A potential source of clinical heterogeneity is variation between trials in the way in which the intervention is delivered. This problem is least likely in reviews of simple interventions, particularly some drugs. Dose finding trials are required before drugs can be used in clinical trials, so the optimal dose is usually known and administration is consistent across trials. In contrast, complex, multifaceted interventions are likely to be administered in different ways in different settings. Some examples of complex interventions relevant to our discipline (physiotherapy) are back schools,
2 programmes to prevent falls,
3 and functional restoration programmes for injured workers.
4 Other complex interventions include education programmes
5 and most surgical procedures.
6 These interventions may be administered in quite different ways across trials, and it is reasonable to expect that the way in which they are administered could influence their effectiveness. Heterogeneity of effects may occur because, all else being equal, well planned, intensive, competently administered interventions are likely to be more effective than low intensity interventions that are poorly planned and administered.
Exercise, a component of many physiotherapy interventions, provides a case in point. Exercise science provides us with some insights into how the design of an exercise programme influences physiological responses to exercise. A dose-response relation exists, as with drugs. Physiological responses to exercise are determined by the mode, frequency, intensity, and duration of exercise.
7 In practice, the dose is also determined by adherence to the exercise programme. The effects of exercise programmes observed in clinical trials are likely to vary because trials use different training doses and inspire different levels of adherence.
8An example of statistical heterogeneity that could be attributed to trials administering the interventions differently comes from studies of the effects of training the pelvic floor muscle.

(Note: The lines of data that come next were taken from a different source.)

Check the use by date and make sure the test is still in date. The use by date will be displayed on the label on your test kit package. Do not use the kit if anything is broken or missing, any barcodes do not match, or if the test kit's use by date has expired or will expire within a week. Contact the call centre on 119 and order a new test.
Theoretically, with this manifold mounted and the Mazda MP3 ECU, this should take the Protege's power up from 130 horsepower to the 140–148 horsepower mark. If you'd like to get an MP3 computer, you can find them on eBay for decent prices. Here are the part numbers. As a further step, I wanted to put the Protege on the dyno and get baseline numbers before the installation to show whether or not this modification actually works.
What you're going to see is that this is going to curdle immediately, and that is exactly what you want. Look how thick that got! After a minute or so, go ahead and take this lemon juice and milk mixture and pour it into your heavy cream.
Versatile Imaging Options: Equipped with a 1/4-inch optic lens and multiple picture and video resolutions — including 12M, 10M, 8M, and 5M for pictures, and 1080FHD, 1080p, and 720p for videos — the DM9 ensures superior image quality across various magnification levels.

We identified four randomised trials of the effects of pelvic floor training to prevent urinary incontinence during pregnancy.

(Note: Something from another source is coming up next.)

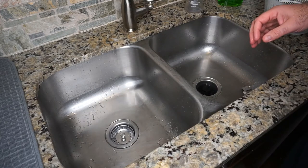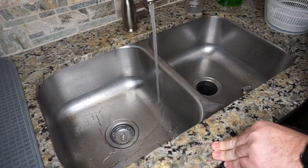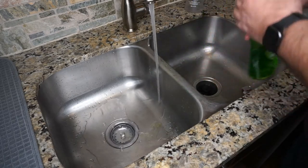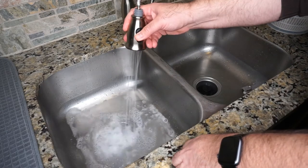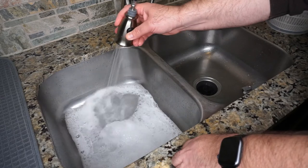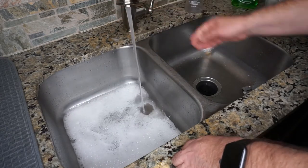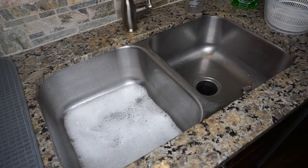Now we want to run a nice bath for the miniatures. Get some water going — lukewarm, you don't need it to be overly hot. Add some detergent and get it sudsing up a little bit so we know we've got some cleaning power. Really all there is to this process is to put your miniatures into the water and scrub them with a toothbrush.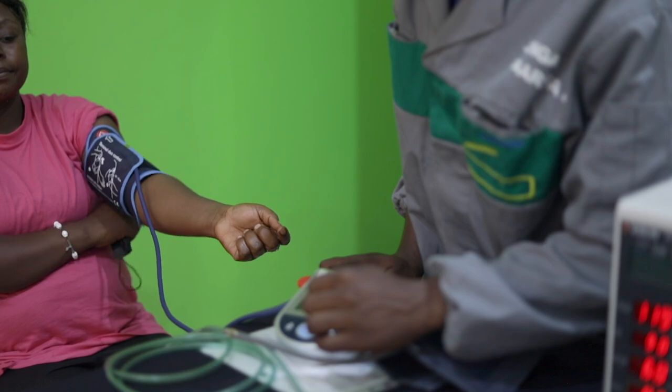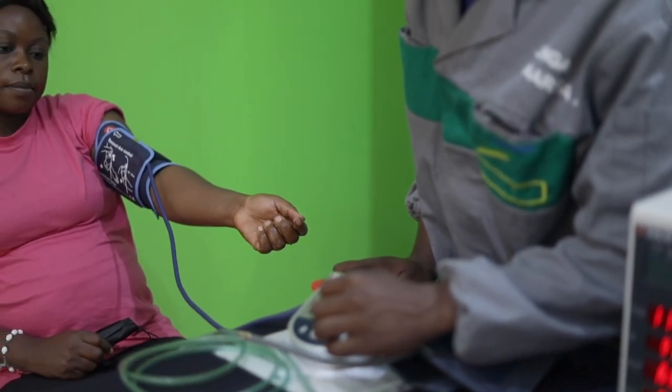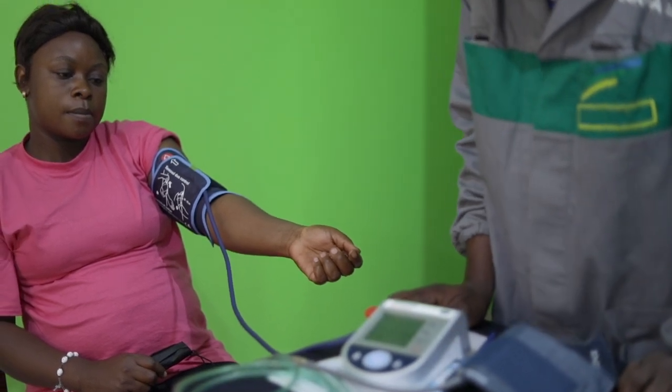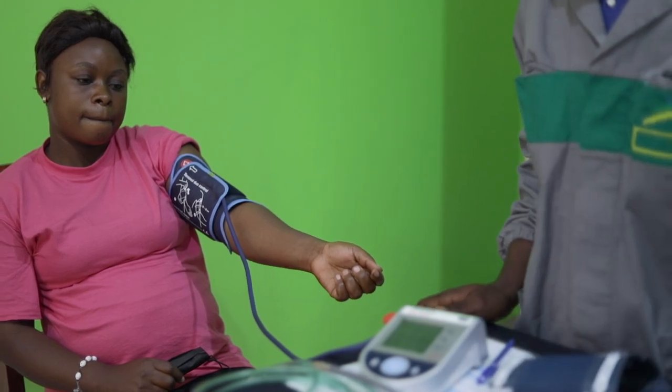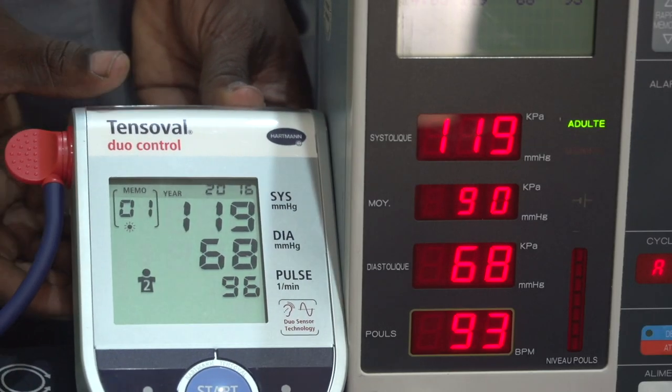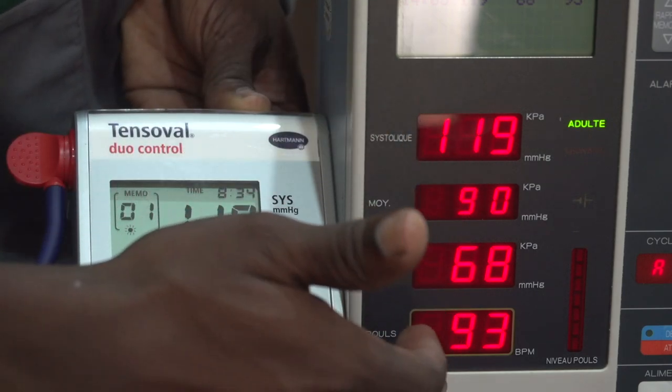Dans un second temps, on va prendre des mesures comparatives, en montrant deux méthodes. Première méthode : avec un appareil avec un module PNI testé et fonctionnel. Comme précédemment, on mesure les valeurs des pressions artérielles et on les note sur le compte-rendu du test.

9–12 Three presented enough data to permit meta-analysis.
10–12 The studies were heterogeneous with respect to intervention. Two showed significant and clinically important effects of antenatal training,
11,12 whereas one study reported non-significant and clinically trivial effects.
10 In the two trials with positive effects, training was supervised regularly by a physiotherapist, whereas in the study with negative effects women saw the physiotherapist only once.
The pooled estimate of effect obtained from a meta-analysis of all three trials did not show an effect of pelvic floor training on risk of urinary incontinence (odds ratio 0.67, 95% confidence interval 0.39 to 1.16; figure). When we excluded the large trial of a low intensity intervention
10 from the meta-analysis, we found a clinically worthwhile effect of antenatal training (0.50, 0.34 to 0.75). The largest trial may have reported a smaller effect because of its size. Resource limitations often mean that large trials provide less intensive interventions, and in large trials it may be logistically difficult to provide well supervised interventions. Yet large trials are most heavily weighted in meta-analyses. If large studies with less intense interventions show smaller effects, they will tend to dilute the effects of smaller studies that show larger effects. An uncritical synthesis of these data suggests that the intervention is ineffective, but a more accurate interpretation may be that the intervention is effective only if administered intensively.
The differences in conclusions reached by analyses that do and do not consider the quality of intervention are likely to be clinically important. In our opinion, clinicians, providers of health care and patients should be more impressed by systematic reviews that explicitly consider the quality of interventions, particularly when the interventions are complex. Systematic reviews of complex interventions should routinely examine the quality of interventions.